Down Saranac Avenue, at the High Peaks Resort and Lake House, general manager Matthew Wheeler said a large portion of the hotel’s approximate 400 guests — near capacity — convened throughout the hotel’s first floor lobby area, which was lit by generator.

Wheeler said a generator powered essential controls and functions in the main resort building, enabling guests to use their card keys to electronically access their rooms, which Wheeler said were lit surprisingly well by the lights in the hotel’s courtyard.

He said the outage struck during the middle of the most popular check-in time Saturday. Once hotel personnel realized it wasn’t going to be short-lived, they put together a $10 dinner buffet of food such as burgers, hot dogs and egg salad – something they repeated Sunday morning.

“People really used every surface in the lobby,” Wheeler said. “I think everybody kind of wanted to be here. There were a couple hundred people throughout the first floor.”

“We didn’t have to tell anybody to leave,” he added. “There was a small handful of rooms that just wanted to go, which was fine. And some rooms not able to make it in.”

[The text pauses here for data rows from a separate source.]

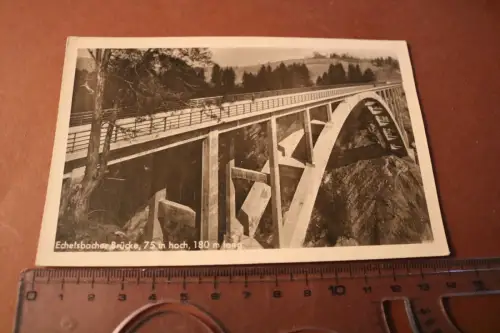 tolle alte Karte - Echelsbacher Brücke  1949 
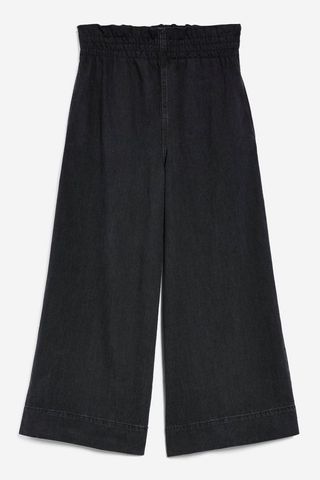 Topshop + Moto Shirred Waist Jeans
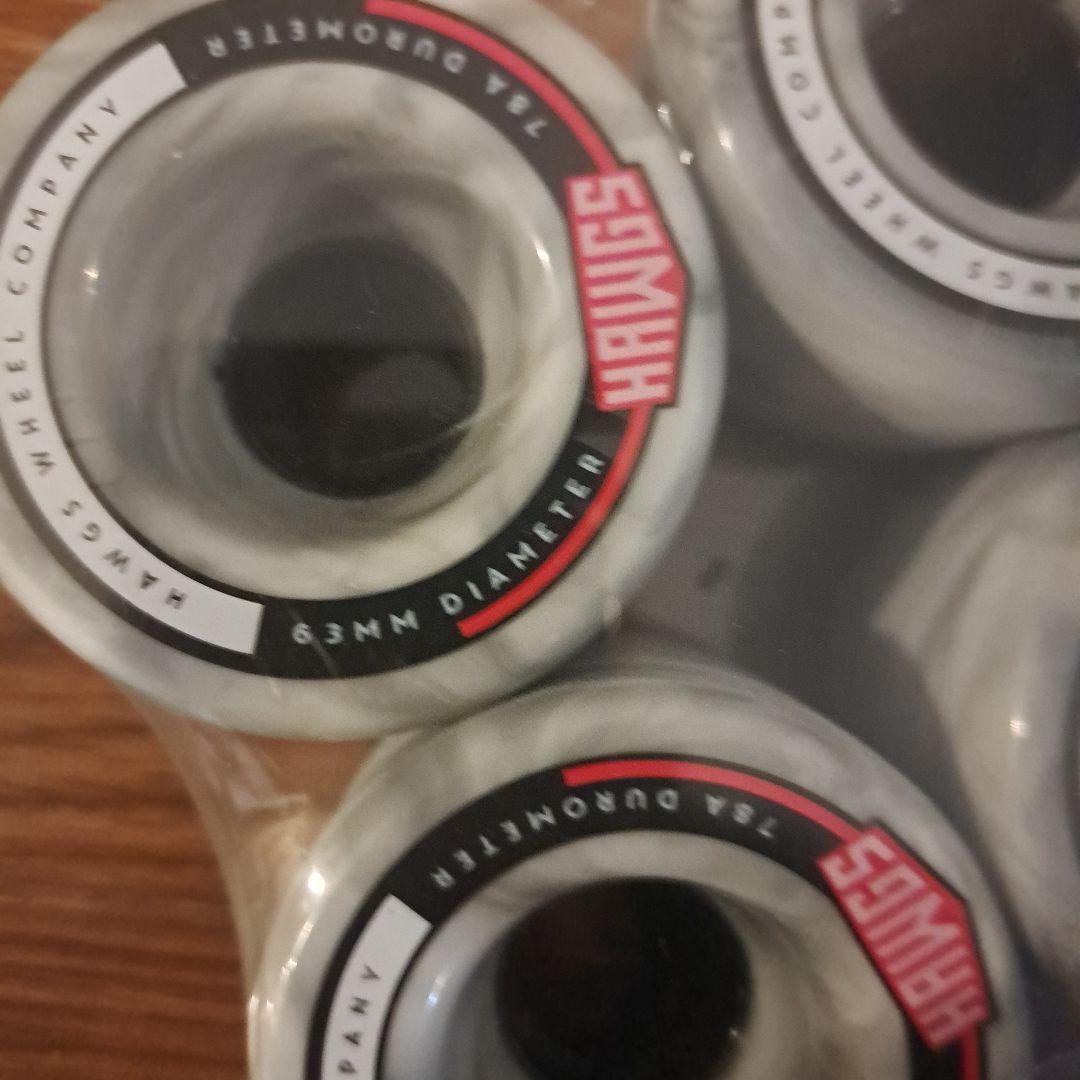 HAWGS スケートボードホイール 63mm 78A 4個セット ランドヤッツ
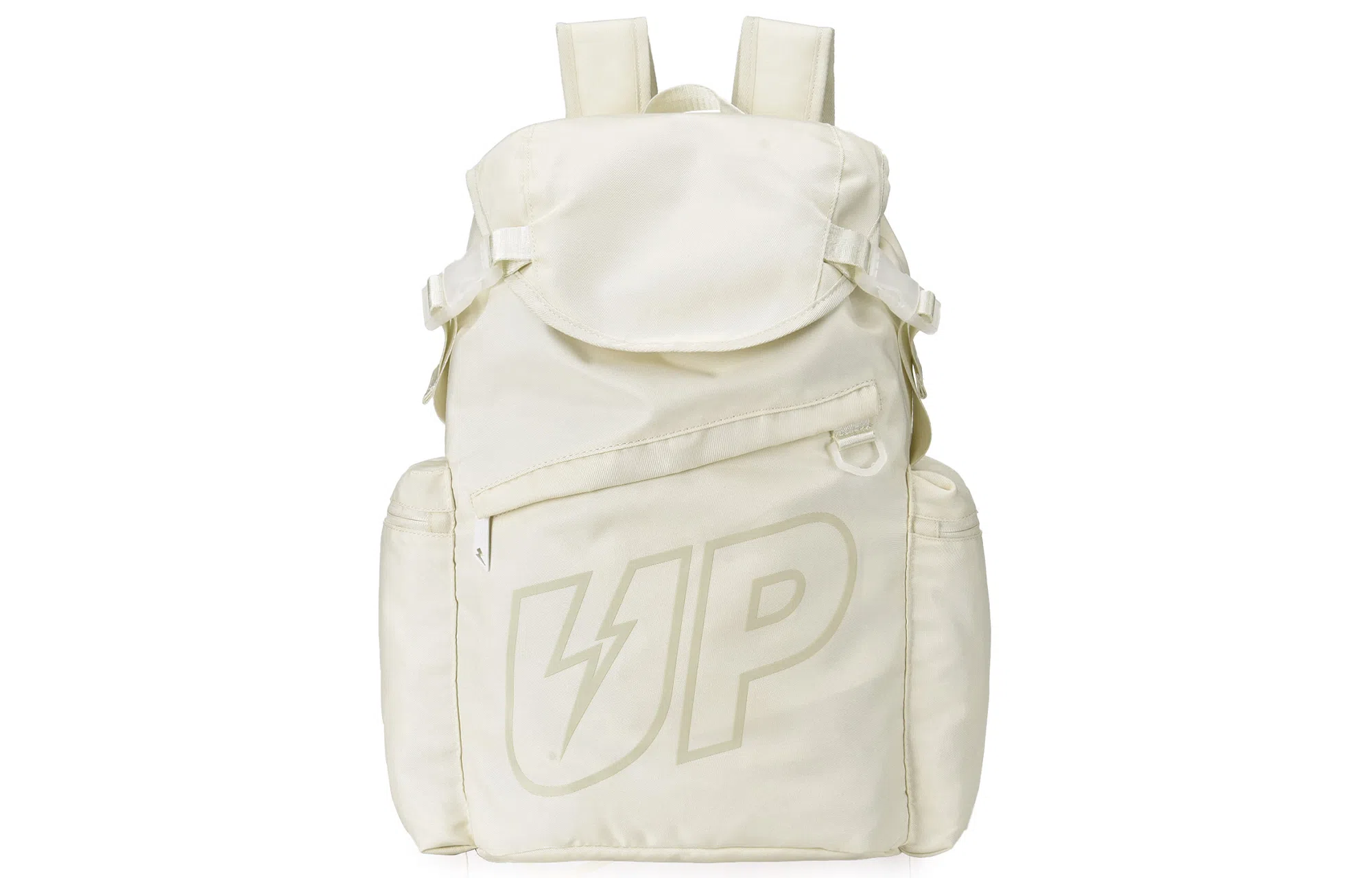 TURN UP Backpack Beige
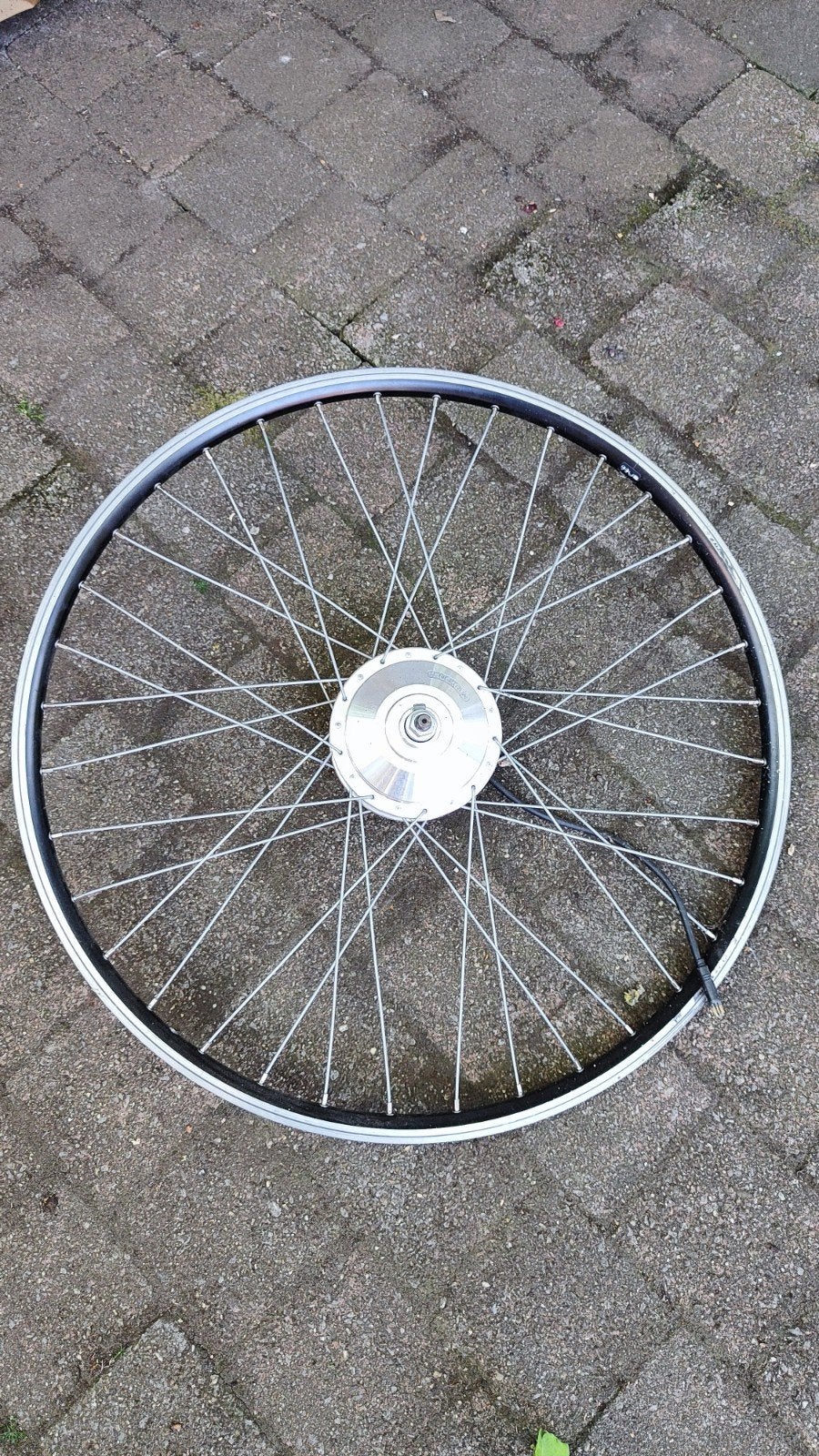 electrisch voorwiel, Ophalen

Wheeler added that the resort handled a small number of refund requests on a case-by-case basis.

Back down Saranac Avenue, inside the Placid Pond shopping plaza, the staff at Terry Robards Wine & Spirits weren’t far from the carnage of dozens of trees down on state Route 86 headed to Saranac Lake. Still, the wine ship remained open until about 7:30 p.m. Saturday, by flashlight.

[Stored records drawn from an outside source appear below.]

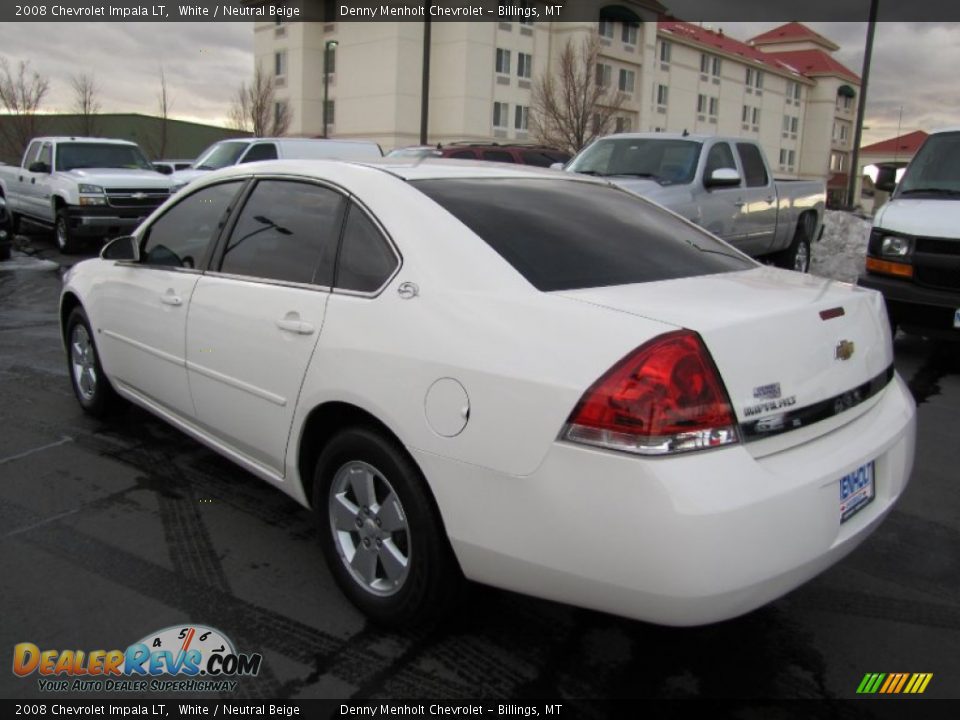 2008 Chevrolet Impala LT White / Neutral Beige Photo #5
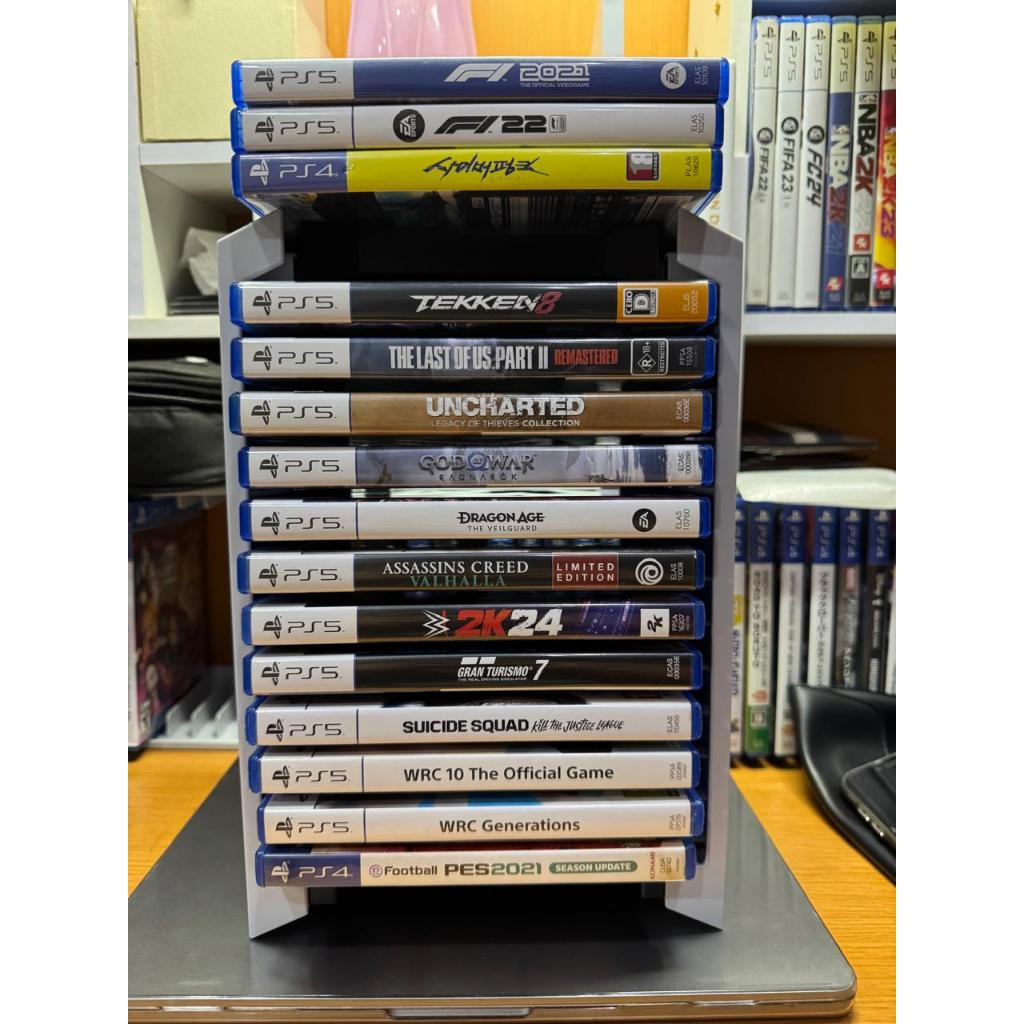 BD Blueray Disc Kaset PS5 PS4 Tekken 8 / Uncharted Legacy / God of War Ragnarok / Dragon Age / WRC /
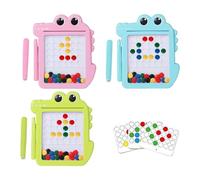 Nybhyjka Planche à Dessin magnétique, Tableau magnétique pour,Perle de Planche à Dessin magnétique Crocodile de Dessin animé - Puzzle de Planche à Dessin à Stylo magnétique pour, Jouets de Voyage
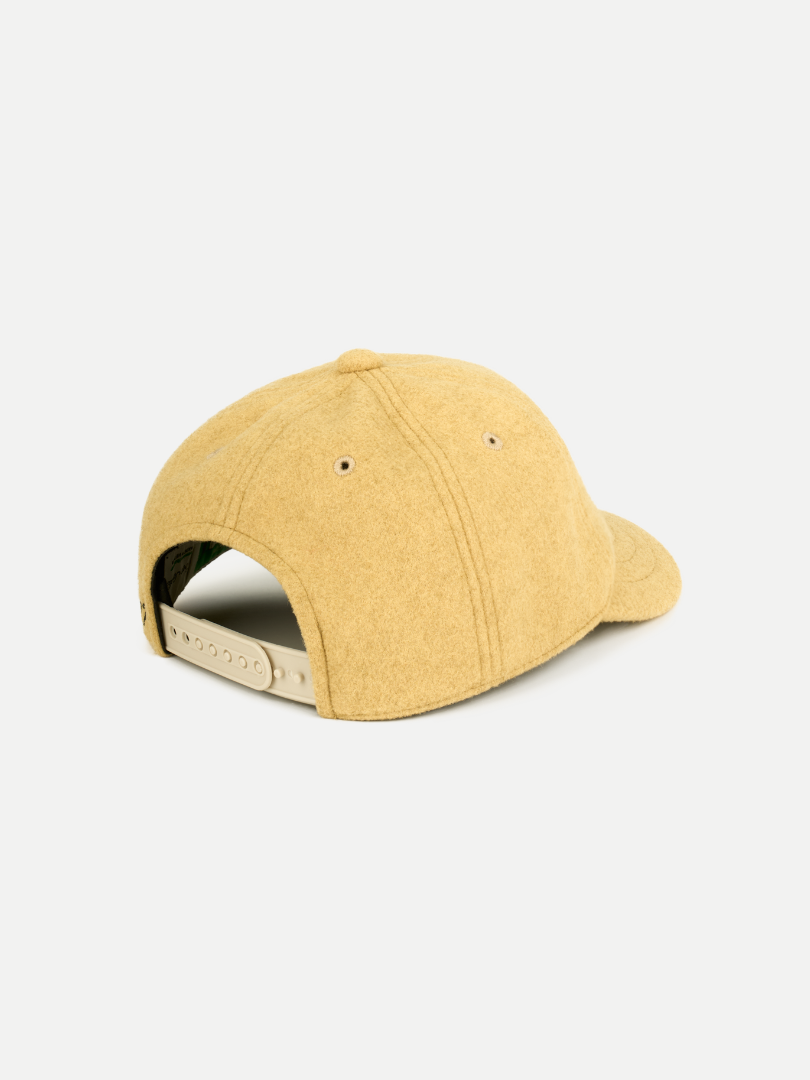 Goers Studio Flower Short Brim cap in Mustard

“Everything was pitch black,” said general manager Tim Robinson. “It was not wise to remain open (any longer). On the whole, we did not see that much of an impact on business, other than the inconvenience. It was our decision to remain open and sales were only slightly down from a typical Saturday night. We saw many of our regular customers earlier in the day.”

On the other end of Main Street, when Central Garage general manager Jay Strack wasn’t out towing cars from ditches in Wilmington or getting his own generators back on line, he saw business creep by. He estimated he took a monetary hit between $8,000 and $10,000.

Inefficiency due to a lack of electricity not only threw the business community for a loop, it affected Kroha and the electric department as well.

The electric superintendent said the 19-plus-hour blackout caused something he hadn’t experienced before in his roughly 4 decades with the department. After power returned Sunday, he said his crew deployed to about a half-dozen second homes that had power, though homeowners were reporting outages.

“We learned a lot of people have second homes here with apps on their phone, and we are getting calls that their generators are running. And we send a crew and by the time we get there the generator stopped,” Kroha said. “It’s a whole different set of problems coming up, where people are calling us to let us know their problem is out, but it’s actually on and they don’t know it’s on.

“It’s something new with technology,” he continued. “So we made a few phone calls today and advised customers, we have to get a different way of doing this.”